Dorénavant, les Canadiens pourront acheter le lait, la crème, le yogourt et les fromages provenant des États-Unis. Quel est l’impact pour une moyenne entreprise comme Riviera ? « Cela met de la pression sur les entreprises comme Chalifoux qui fabrique du lait, des fromages de spécialité, suisse, des yogourts. Cela représente une perte au niveau des ventes. »

Notre entreprise soreloise a déjà commencé à développer des produits qui se distinguent sur le marché. « La laiterie Chalifoux peut ainsi se trouver une niche pour compenser ses pertes. Les consommateurs doivent se dire : je préfère ce produit à celui des États-Unis ou d’Europe. Il faut se différencier et cela demande des efforts. »

Les entreprises laitières se trouvent en compétition avec de gros joueurs qui ont accès à du lait qui coûte moins cher. Le consommateur paiera-t-il moins cher ses produits laitiers? « Pas nécessairement, répond M. Langlois.

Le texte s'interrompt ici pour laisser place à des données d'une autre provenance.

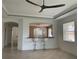 Open living room with breakfast bar and ceiling fan at 6414 Moorings Point Cir # 201, Lakewood Ranch, FL 34202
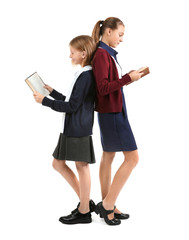 Wall Mural - Two cute girls in school uniform on white background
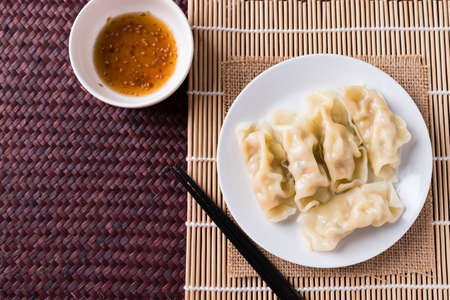 Steamed wonton dumpling stuffed with minced pork on plate eating with sesame oil sauce, Asian food, Top viewの写真素材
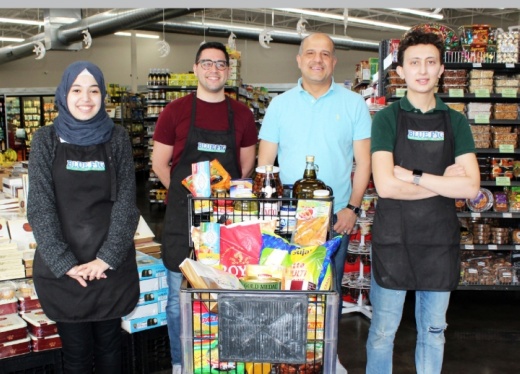 Blue Fig International Market is increasing its inventory to appeal to more people. From left is cashier Alaa Alzarrad, owners Walid Radwan and Ziad Nowar, and store manager Ahmad Nasrallah. (Karen Chaney/Community Impact Newspaper)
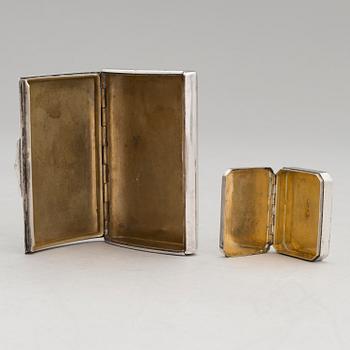 Three silver cigarette cases and a silver pillbox, marked in Finland and Germany, first half of the 20th Century.
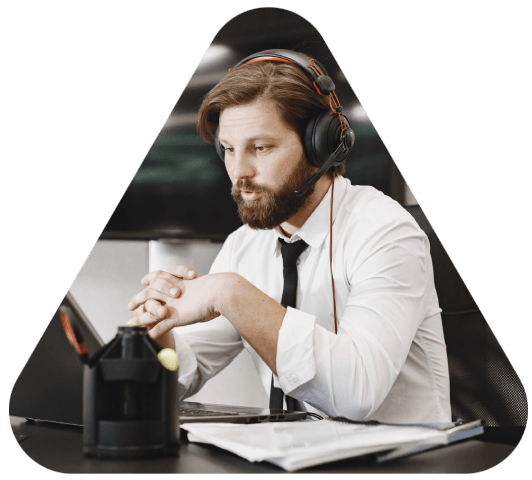 A translator adds timed captions on a corporate training video, delivering business Audiovisual Translation Services.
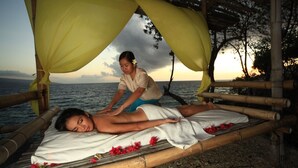 Una persona recibiendo un masaje en una cama de bambú con vista al mar.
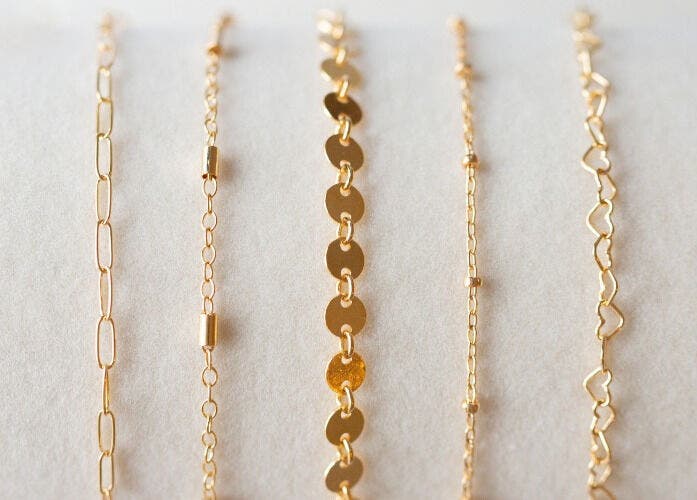 Elegant gold jewelry chains displayed at Blush & Brow Beauty, Pointe-claire, Québec, CA.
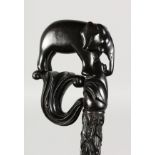 A CEYLONESE CARVED WALKING STICK with elephant handle. 35ins long.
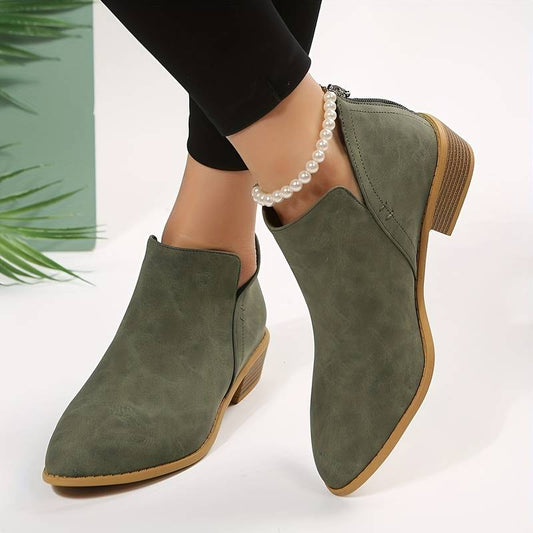 Bottines vertes en daim pour femme avec talon bas, portées avec un bracelet de perles. Chaussures élégantes et tendance, style automne-hiver.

Le transformateur ne contrôle pas le prix de vente au détail. C’est le détaillant (les épiceries) qui contrôle le prix de vente. Il n’y a aucune garantie que le consommateur va voir une différence sur les prix. »

Trois fois en trois ans

L’ouverture des frontières a des conséquences. « C’est la 3e fois en 3 ans qu’on perd du marché. Il y a un risque que des entreprises vont disparaître ou elles devront se consolider. »

Les fermes familiales risquent d’écoper. De plus en plus, verra-t-on sur notre territoire, de grosses fermes avec des coûts de production, très bas.

De son côté, le président du syndicat de l’UPA Richelieu-Yamaska, Sylvain Joyal craint pour la relève. « Les producteurs reviennent ainsi avec un revenu de 20 ans en arrière. C’est clair qu’il y aura des conséquences pour la relève », a-t-il dit sur les ondes de CJSO.